I hope I am not repeating what has already been said. I found this to be a very useful and informative read.
Ten Hammers mentioned using heat to dry the parts. He said; “place on a warm radiator or shoot air on them to dry”.
I would like to emphasize that I think heating after processing the part is of benefit and worth the time to do it!

What I have done in the past that worked out well for me is as follows:
Depending how messed up a part is, I recycle the part every one or two days, sometime three days. Experience teaches you the process.
I take the part out of the vinegar and clean it up usually with a wire brush.
I evaluate what has been accomplished by the vinegar and elbow grease to that point. And if need be, I place it back in the old or fresh vinegar and repeat the process until I feel it is done!

After I am satisfied the parts are cleaned by the Vinegar and elbow-grease, I place the parts in a dense mixture of water and Baking Soda so as to neutralize the acid.

Then I wash the parts off with soap and warm water, rinse well, hand dry them, and then place them in an old (one that my wife let me have) Pre-heated “Hot” Cast Iron Frying pan with the source of heat turned off.
The parts heat enough through induction to purge themselves of moisture, and I do not feel that I would be messing with any tempering issues that way (I hope!).

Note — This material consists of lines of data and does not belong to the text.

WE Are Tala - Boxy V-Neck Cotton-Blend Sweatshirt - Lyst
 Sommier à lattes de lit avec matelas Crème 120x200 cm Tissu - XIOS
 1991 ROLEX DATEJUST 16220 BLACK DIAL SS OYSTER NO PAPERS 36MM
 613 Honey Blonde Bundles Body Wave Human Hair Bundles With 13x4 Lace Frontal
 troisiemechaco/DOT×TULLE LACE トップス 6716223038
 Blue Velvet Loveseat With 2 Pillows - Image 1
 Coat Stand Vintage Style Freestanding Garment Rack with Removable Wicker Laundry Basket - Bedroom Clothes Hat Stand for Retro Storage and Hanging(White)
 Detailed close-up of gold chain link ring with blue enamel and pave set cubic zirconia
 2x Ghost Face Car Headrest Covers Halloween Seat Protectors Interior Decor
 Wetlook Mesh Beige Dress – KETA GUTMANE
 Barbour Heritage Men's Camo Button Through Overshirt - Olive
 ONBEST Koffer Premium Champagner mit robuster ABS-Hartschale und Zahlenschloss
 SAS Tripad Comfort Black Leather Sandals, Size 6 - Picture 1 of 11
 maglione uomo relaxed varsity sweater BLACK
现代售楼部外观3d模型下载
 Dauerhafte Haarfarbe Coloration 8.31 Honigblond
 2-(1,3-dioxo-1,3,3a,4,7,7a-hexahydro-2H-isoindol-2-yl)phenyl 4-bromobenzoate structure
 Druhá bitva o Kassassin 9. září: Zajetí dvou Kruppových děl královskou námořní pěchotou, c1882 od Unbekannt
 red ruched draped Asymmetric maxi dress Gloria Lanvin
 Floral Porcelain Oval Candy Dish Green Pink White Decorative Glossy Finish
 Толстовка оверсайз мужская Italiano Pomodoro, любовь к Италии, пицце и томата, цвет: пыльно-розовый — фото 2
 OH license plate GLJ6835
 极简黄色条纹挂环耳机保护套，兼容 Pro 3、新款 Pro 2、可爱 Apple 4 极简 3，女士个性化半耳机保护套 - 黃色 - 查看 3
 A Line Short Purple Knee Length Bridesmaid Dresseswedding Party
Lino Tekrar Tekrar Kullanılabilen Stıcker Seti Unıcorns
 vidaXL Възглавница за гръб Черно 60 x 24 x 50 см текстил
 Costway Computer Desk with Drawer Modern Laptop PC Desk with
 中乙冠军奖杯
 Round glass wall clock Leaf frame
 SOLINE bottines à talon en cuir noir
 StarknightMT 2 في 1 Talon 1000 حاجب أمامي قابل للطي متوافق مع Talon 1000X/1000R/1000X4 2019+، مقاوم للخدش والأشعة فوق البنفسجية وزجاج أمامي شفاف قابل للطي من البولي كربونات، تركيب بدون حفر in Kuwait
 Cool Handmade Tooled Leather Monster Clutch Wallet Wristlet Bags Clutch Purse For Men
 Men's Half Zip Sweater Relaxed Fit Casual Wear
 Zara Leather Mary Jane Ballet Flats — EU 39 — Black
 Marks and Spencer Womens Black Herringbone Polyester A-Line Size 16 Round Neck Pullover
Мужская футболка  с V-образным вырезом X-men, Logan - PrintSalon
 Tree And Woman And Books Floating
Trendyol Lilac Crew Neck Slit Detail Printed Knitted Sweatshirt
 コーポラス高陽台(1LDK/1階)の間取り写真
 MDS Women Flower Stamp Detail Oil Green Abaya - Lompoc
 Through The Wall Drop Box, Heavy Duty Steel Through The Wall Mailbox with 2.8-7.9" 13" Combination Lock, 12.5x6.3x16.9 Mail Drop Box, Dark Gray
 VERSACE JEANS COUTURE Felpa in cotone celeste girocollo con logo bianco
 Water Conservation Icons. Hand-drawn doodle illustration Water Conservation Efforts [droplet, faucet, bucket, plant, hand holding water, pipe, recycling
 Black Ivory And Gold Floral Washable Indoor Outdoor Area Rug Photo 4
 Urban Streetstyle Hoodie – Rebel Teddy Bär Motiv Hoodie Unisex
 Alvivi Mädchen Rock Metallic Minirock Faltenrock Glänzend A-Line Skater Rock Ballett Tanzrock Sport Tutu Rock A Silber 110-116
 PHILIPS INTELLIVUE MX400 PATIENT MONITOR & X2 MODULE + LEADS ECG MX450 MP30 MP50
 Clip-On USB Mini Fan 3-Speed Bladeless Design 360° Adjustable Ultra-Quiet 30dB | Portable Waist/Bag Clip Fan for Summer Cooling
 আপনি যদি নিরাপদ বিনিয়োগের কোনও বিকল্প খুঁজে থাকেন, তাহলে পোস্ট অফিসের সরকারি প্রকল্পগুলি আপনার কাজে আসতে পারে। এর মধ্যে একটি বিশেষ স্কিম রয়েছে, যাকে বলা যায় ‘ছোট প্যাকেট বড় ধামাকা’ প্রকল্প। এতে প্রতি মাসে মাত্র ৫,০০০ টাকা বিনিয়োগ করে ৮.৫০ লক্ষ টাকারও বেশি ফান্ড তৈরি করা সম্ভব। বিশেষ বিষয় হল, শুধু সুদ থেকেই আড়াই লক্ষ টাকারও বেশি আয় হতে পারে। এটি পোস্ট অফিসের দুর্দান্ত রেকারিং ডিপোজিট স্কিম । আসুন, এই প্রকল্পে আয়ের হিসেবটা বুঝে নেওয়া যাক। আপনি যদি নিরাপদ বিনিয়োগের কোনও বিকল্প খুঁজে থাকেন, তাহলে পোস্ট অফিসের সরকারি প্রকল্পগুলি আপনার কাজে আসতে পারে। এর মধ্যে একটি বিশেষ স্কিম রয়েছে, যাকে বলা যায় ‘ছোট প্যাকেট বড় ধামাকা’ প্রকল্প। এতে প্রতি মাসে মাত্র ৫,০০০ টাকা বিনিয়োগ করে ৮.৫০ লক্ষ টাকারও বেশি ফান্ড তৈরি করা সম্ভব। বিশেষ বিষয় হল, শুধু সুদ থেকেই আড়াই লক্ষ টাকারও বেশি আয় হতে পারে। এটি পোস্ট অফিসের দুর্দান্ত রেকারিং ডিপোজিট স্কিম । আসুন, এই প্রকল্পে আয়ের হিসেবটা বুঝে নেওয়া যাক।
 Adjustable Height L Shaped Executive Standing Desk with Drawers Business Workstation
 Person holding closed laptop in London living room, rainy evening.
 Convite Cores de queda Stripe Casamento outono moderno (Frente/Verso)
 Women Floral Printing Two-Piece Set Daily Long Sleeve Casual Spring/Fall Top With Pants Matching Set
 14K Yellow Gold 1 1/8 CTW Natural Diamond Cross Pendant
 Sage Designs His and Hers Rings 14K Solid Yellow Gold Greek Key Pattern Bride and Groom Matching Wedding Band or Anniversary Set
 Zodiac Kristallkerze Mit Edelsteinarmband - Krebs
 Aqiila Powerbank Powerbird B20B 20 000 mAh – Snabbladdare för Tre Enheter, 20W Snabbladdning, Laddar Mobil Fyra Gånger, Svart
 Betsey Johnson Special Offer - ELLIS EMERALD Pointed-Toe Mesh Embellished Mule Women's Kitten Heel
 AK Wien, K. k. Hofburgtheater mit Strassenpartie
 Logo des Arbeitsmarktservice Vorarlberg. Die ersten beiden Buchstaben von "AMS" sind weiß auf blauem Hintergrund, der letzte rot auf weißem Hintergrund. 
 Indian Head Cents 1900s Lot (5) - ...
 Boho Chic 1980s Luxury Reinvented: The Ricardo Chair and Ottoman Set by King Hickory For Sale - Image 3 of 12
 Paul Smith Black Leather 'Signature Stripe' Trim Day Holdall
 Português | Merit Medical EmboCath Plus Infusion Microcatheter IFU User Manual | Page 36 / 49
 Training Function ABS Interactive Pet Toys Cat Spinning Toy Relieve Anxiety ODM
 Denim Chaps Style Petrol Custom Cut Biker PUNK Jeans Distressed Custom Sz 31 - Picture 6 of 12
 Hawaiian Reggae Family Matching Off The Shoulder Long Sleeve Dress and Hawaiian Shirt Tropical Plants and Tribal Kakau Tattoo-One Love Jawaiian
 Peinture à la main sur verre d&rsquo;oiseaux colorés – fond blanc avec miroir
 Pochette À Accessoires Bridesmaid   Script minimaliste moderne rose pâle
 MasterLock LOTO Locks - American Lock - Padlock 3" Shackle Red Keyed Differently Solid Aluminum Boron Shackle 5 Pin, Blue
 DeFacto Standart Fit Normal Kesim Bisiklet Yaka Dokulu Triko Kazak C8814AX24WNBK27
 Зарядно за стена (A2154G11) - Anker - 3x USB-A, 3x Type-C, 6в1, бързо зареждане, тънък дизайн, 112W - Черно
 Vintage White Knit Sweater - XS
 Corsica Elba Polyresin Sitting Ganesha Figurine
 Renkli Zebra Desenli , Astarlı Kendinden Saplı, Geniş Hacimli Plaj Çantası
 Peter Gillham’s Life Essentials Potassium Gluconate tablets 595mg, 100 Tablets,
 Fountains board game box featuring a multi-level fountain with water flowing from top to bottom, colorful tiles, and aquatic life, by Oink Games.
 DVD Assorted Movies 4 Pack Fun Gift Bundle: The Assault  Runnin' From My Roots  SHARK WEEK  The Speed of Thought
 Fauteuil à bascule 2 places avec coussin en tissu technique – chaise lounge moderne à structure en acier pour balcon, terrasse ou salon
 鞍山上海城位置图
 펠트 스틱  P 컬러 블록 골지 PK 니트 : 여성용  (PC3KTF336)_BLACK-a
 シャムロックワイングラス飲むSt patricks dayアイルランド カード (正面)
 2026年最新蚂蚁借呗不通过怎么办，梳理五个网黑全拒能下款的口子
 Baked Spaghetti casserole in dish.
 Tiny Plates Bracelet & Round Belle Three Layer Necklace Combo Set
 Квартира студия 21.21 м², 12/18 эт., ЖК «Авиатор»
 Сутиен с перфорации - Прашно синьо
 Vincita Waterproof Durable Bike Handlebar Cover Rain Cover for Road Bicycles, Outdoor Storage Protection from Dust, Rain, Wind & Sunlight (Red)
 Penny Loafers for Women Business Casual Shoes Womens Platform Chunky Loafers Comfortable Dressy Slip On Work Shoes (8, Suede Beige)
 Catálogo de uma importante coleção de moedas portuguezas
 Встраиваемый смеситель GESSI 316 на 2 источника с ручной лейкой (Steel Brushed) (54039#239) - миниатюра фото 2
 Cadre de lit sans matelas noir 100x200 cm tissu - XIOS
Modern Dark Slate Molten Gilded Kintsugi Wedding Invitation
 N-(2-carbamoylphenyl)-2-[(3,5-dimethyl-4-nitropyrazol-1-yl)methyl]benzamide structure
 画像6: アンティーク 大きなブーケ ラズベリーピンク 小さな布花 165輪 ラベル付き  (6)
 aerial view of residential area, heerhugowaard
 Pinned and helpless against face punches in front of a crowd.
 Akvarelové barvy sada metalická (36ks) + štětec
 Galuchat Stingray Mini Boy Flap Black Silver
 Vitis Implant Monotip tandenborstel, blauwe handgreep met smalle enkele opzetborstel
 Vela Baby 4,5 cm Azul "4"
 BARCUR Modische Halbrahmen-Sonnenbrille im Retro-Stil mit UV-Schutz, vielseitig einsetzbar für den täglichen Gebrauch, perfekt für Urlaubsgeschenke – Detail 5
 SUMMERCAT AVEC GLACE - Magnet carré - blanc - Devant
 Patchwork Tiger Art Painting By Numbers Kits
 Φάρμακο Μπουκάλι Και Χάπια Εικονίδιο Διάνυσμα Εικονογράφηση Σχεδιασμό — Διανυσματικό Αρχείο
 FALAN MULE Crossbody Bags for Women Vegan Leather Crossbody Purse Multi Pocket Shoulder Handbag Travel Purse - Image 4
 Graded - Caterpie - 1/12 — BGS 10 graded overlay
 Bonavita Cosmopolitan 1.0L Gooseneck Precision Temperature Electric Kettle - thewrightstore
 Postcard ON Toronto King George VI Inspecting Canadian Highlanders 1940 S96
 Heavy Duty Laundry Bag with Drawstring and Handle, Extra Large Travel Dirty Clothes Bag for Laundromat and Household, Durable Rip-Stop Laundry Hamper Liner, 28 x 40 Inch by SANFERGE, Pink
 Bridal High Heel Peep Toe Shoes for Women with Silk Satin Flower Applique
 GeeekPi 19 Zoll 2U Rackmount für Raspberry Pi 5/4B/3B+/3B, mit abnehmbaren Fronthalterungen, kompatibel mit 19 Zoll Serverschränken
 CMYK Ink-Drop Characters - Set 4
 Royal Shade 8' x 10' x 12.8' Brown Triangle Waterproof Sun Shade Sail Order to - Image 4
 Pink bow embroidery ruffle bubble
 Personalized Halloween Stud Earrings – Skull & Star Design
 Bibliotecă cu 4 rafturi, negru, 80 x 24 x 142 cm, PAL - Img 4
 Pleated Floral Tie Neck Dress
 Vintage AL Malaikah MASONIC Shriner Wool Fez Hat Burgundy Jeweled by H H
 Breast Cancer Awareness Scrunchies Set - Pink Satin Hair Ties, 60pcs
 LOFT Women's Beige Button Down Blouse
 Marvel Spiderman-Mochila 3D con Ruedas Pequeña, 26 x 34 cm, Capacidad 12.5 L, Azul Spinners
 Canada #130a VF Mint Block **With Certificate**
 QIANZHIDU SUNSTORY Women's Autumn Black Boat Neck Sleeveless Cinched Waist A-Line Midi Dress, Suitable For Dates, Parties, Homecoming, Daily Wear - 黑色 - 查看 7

Example: About two years ago I had a bucket of tools that I had bought at a Pawn Shop, brought it home and left it in a shed.
I did not know that they had been sitting under a leak in the roof for a couple of years.
In fact the bucket still had a little sitting water in it. Here are some examples of the content of the bucket. Calipers, a Monkey Wrench, Screwdrivers, Open end Wrenches, Sockets, plus several other tools.
The monkey wrench was seized up as well as some of the other tools. All of the tools were oxidized and packed with grease and dirt that had hardened.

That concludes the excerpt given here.